TASK DESCRIPTION:
Copy exactly the lines of the records below, starting at the line that contains "[upl. by Ralaigh]" and continuing through the last line, both included; omit any pictures.

TASK INPUTS:
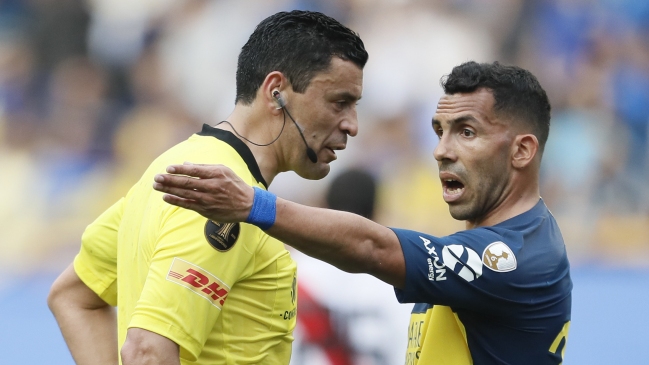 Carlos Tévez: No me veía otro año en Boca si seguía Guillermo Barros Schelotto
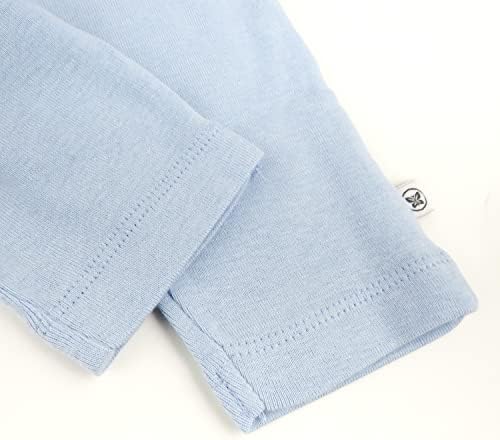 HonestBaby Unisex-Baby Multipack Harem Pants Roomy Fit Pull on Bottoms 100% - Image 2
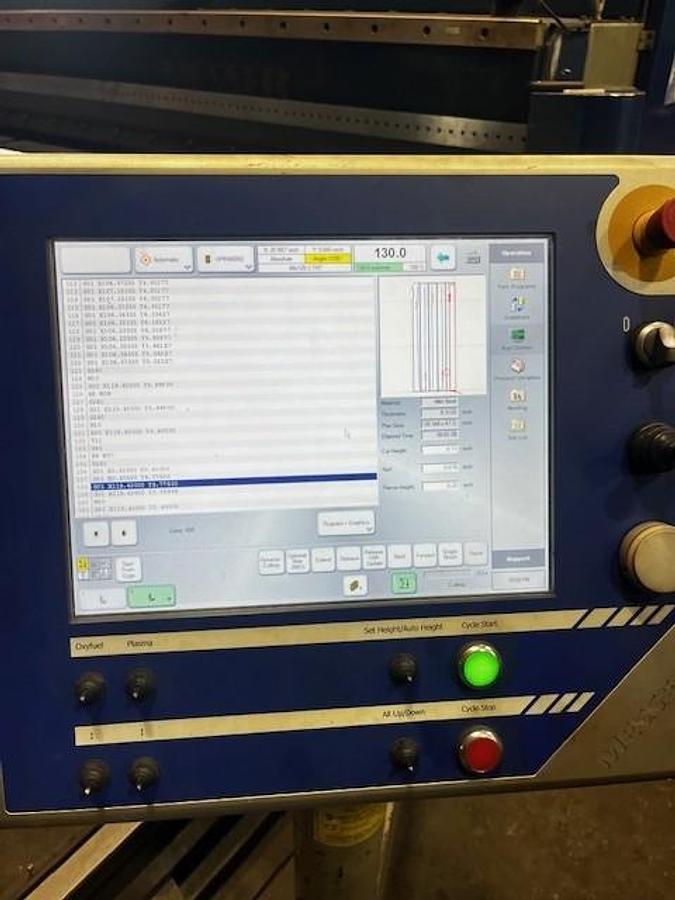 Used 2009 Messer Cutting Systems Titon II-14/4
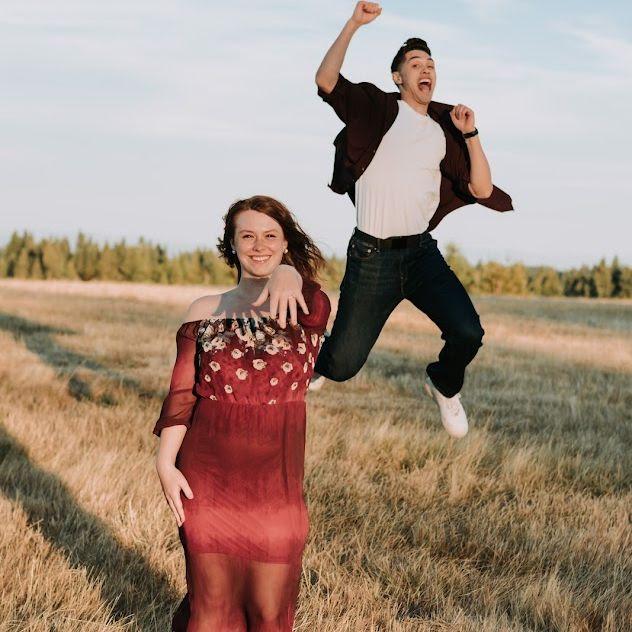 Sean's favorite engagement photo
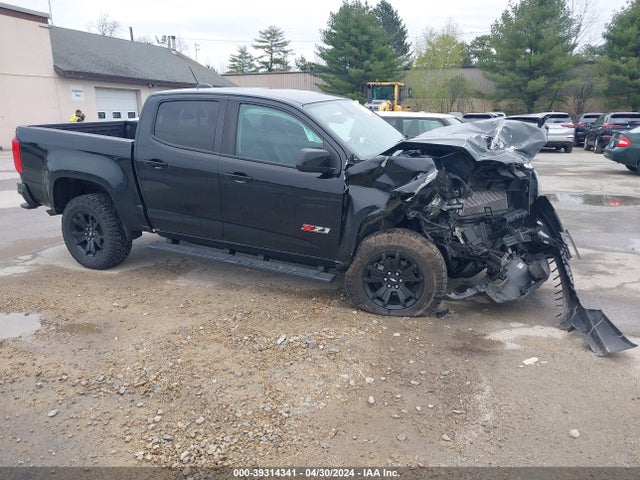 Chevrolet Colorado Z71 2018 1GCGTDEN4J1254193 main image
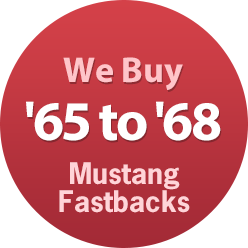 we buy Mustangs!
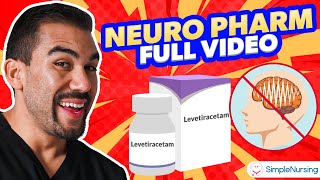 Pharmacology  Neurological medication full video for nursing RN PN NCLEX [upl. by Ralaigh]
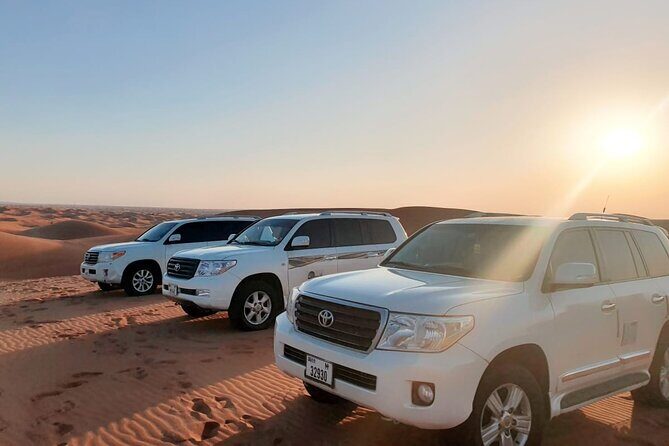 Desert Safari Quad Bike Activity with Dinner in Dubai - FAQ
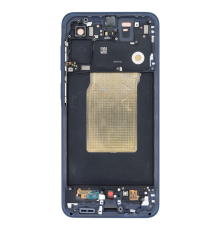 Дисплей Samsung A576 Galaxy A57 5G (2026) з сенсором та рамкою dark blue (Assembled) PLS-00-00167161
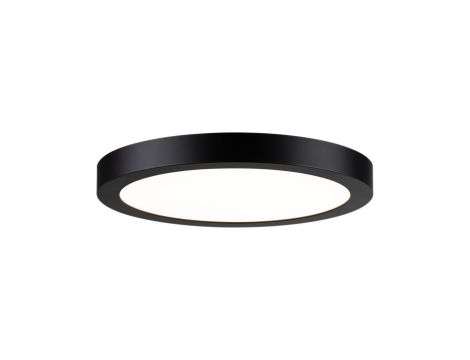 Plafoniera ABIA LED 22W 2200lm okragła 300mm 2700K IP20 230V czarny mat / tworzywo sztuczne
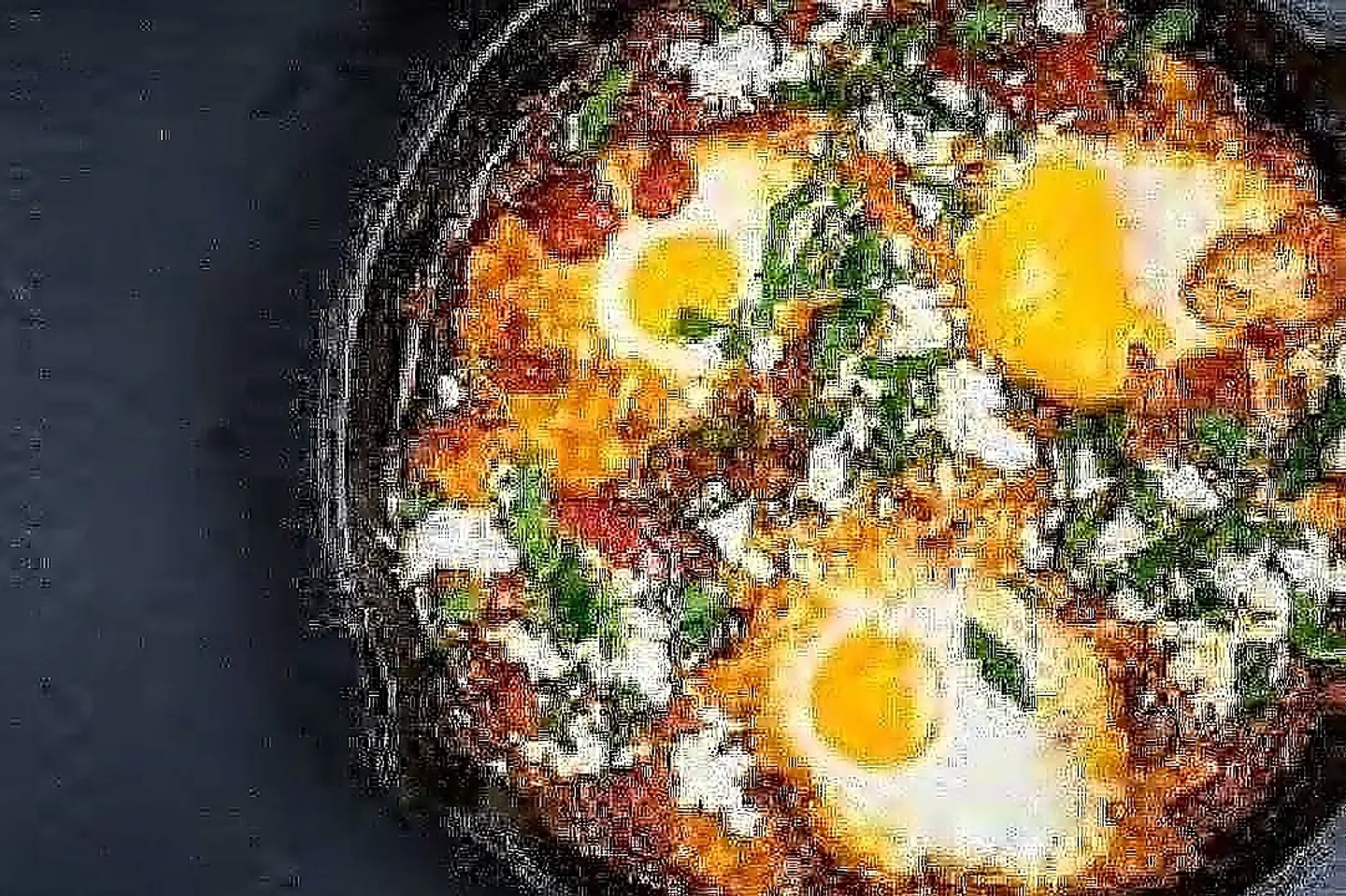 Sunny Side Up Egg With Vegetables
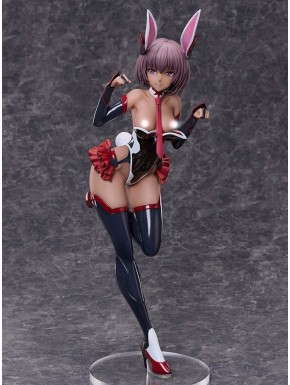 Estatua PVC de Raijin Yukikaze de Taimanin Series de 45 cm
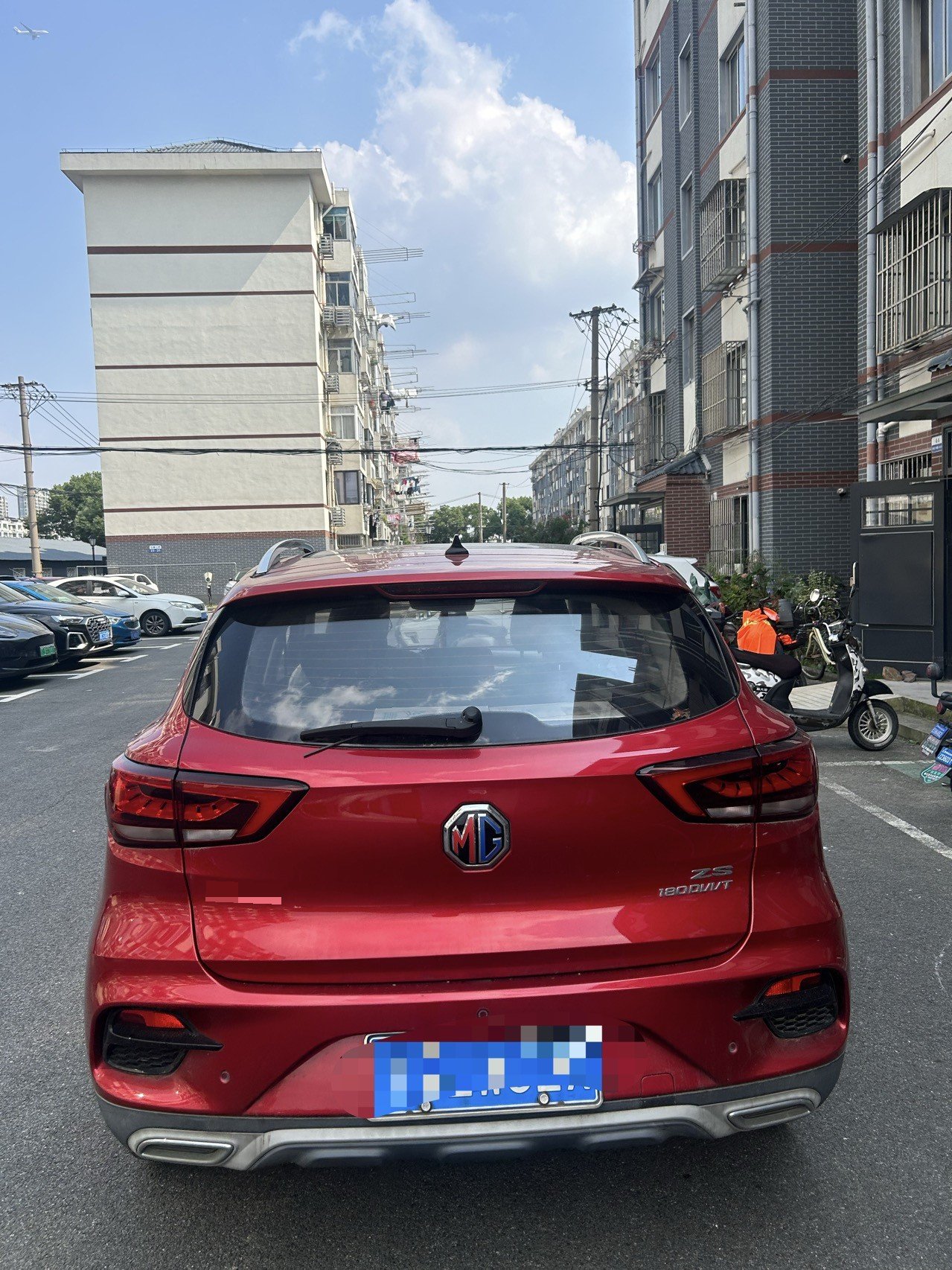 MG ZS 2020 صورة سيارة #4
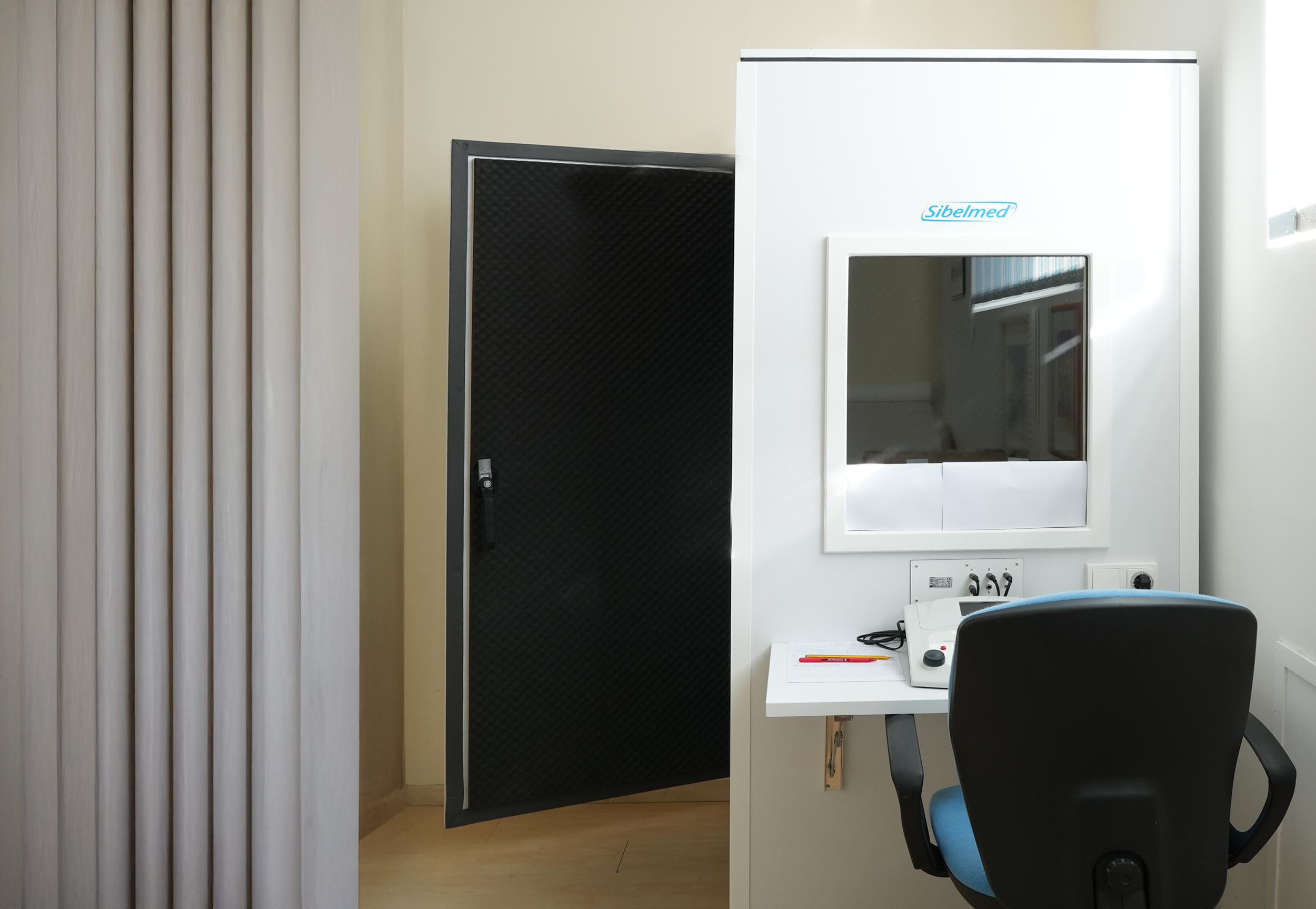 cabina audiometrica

ANSWER TO THE EXERCISE:
 Pharmacology  Neurological medication full video for nursing RN PN NCLEX [upl. by Ralaigh]
 Desert Safari Quad Bike Activity with Dinner in Dubai - FAQ
 Дисплей Samsung A576 Galaxy A57 5G (2026) з сенсором та рамкою dark blue (Assembled) PLS-00-00167161
 Plafoniera ABIA LED 22W 2200lm okragła 300mm 2700K IP20 230V czarny mat / tworzywo sztuczne
 Sunny Side Up Egg With Vegetables
 Estatua PVC de Raijin Yukikaze de Taimanin Series de 45 cm
 MG ZS 2020 صورة سيارة #4
 cabina audiometrica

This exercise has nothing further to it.